> [Work instruction]
Transcribe, leaving out every picture, the lines that run from the start of the listing below through the line with "Kate spade keds".

> [Recorded information]
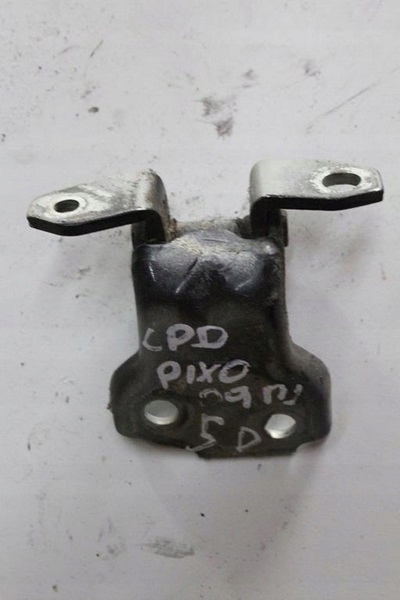 фото №1, Nissan pixo 09 5d петля дверь левый перед dół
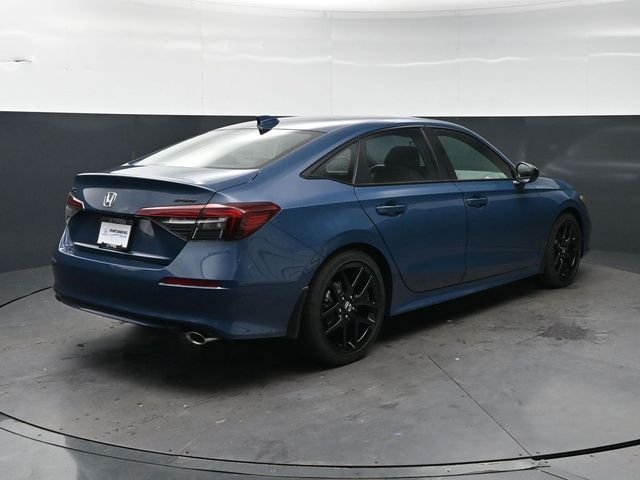 New 2026 Honda Civic Sport image 5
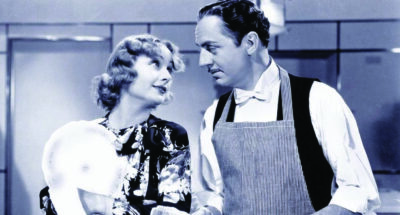 "My Man Godfrey," 1936. Screenshot.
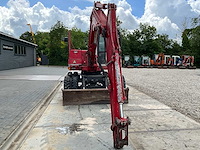 2005 takeuchi tb175w banden graafmachine - afbeelding 23 van  33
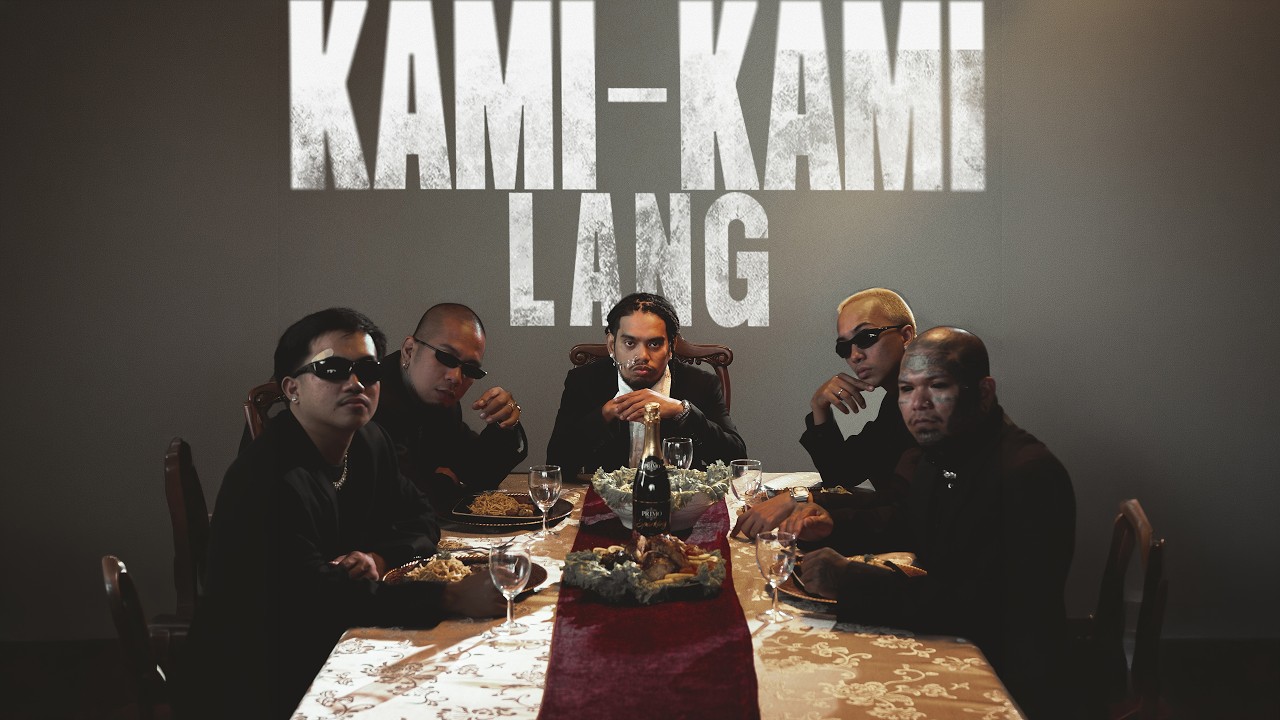 EYLUKE - Kami-Kami Lang (Official Music Video)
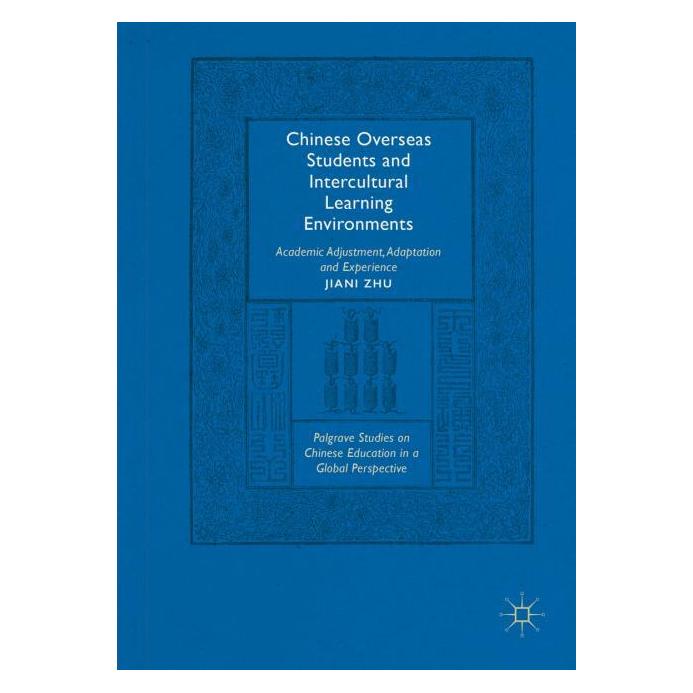 Palgrave Macmillan Uk Zhu:Chinese Overseas Students and Inter (Englisch, Hardcover, Jiani Zhu) (63291417)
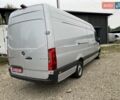 Серый Мерседес Sprinter, объемом двигателя 2.08 л и пробегом 95 тыс. км за 33250 $, фото 6 на Automoto.ua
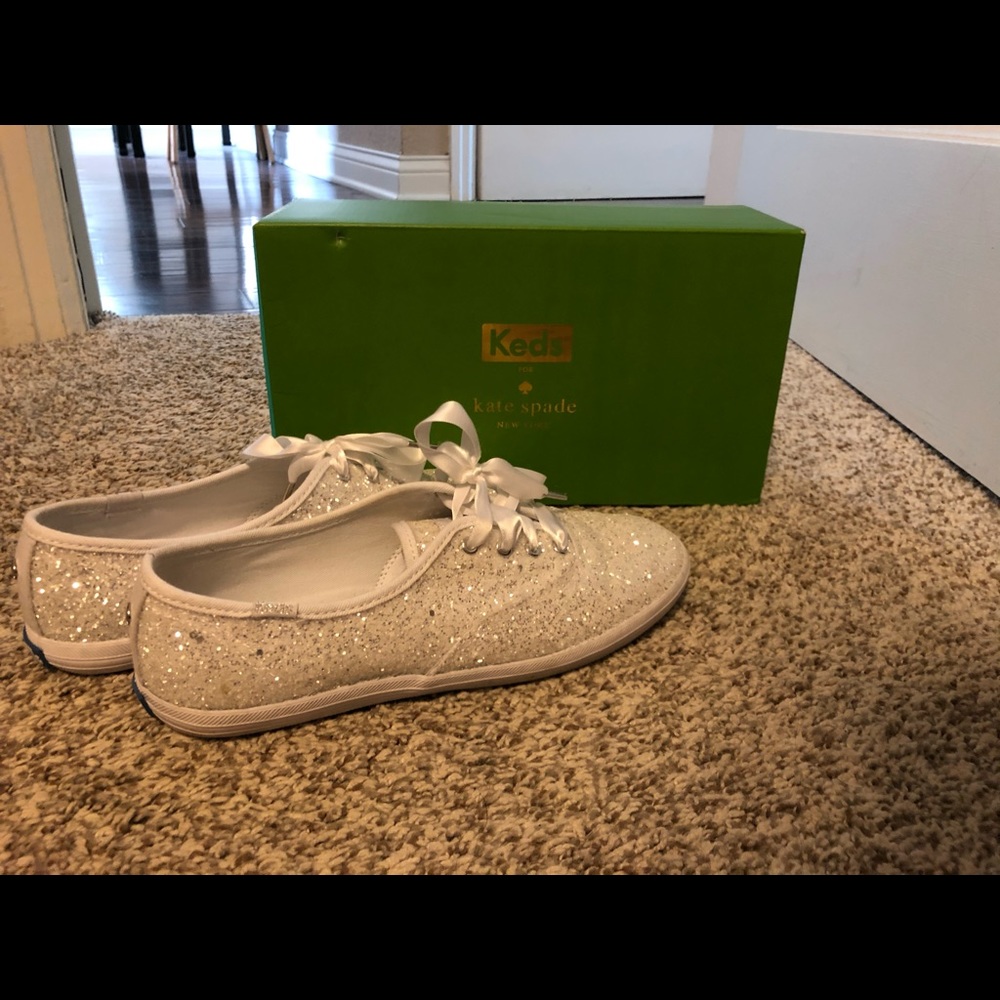 Kate spade keds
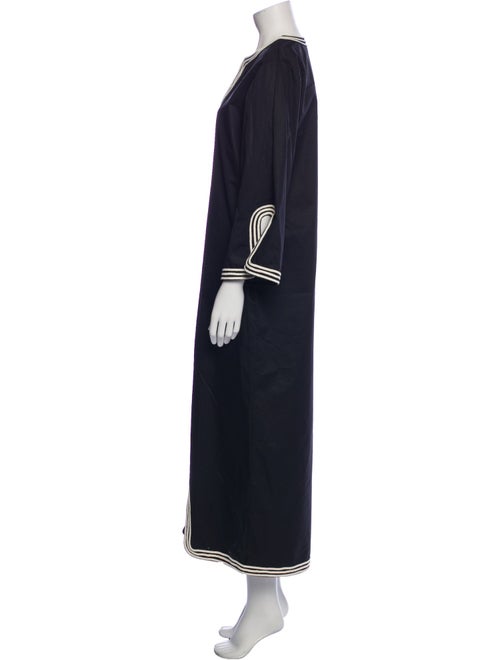 By Malene Birger V-Neck Long Dress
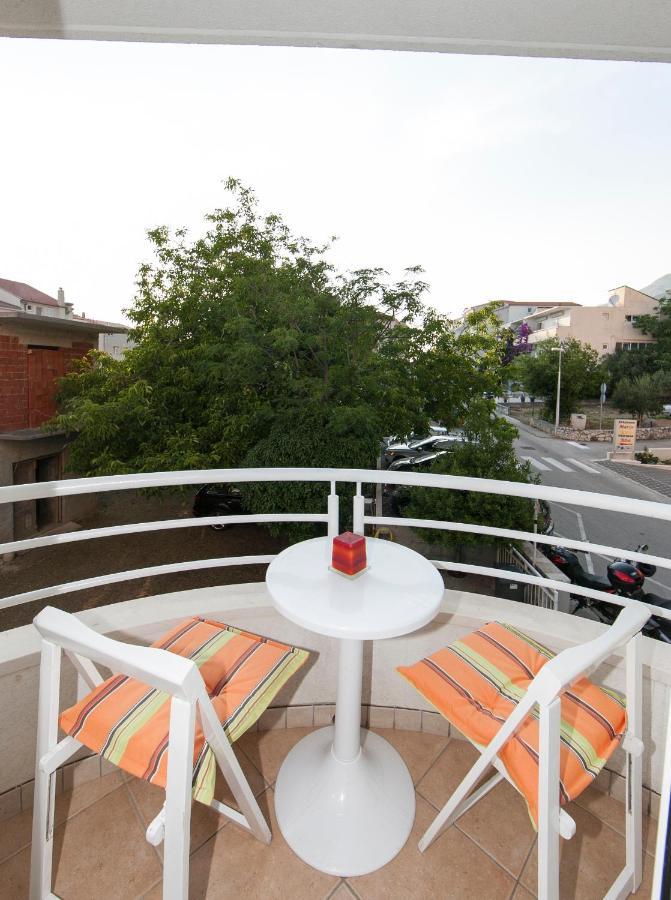 Apartments Milana 2 Tučepi المظهر الخارجي الصورة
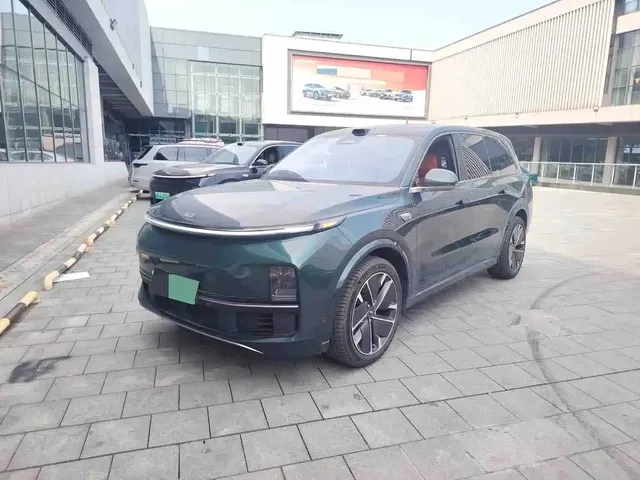 Li Auto Li Xiang L9 2025 Ultra Smart Renewal Edition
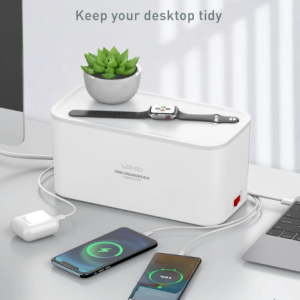 LDNIO SN5309 2500W Defender Series Management Power Strip Box
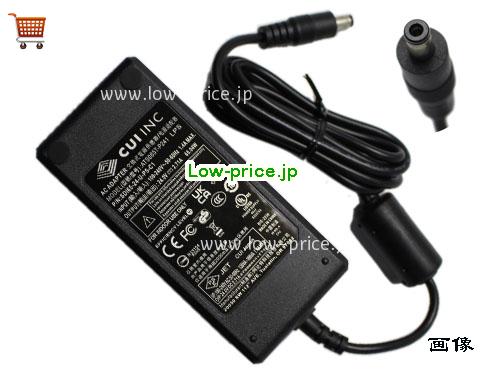 CUIINC 24.0V2.71A ACアダプター, 24.0V 2.71A 24.0V2.71A ラップトップACアダプター, CUIINC24V2.71A65.04W-5.5x2.1mm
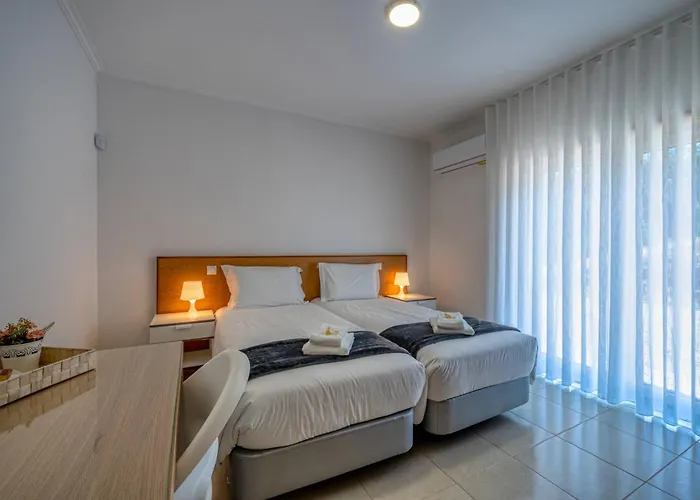 Central Suites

> [Written response]
 фото №1, Nissan pixo 09 5d петля дверь левый перед dół
 New 2026 Honda Civic Sport image 5
 "My Man Godfrey," 1936. Screenshot.
 2005 takeuchi tb175w banden graafmachine - afbeelding 23 van  33
 EYLUKE - Kami-Kami Lang (Official Music Video)
 Palgrave Macmillan Uk Zhu:Chinese Overseas Students and Inter (Englisch, Hardcover, Jiani Zhu) (63291417)
 Серый Мерседес Sprinter, объемом двигателя 2.08 л и пробегом 95 тыс. км за 33250 $, фото 6 на Automoto.ua
 Kate spade keds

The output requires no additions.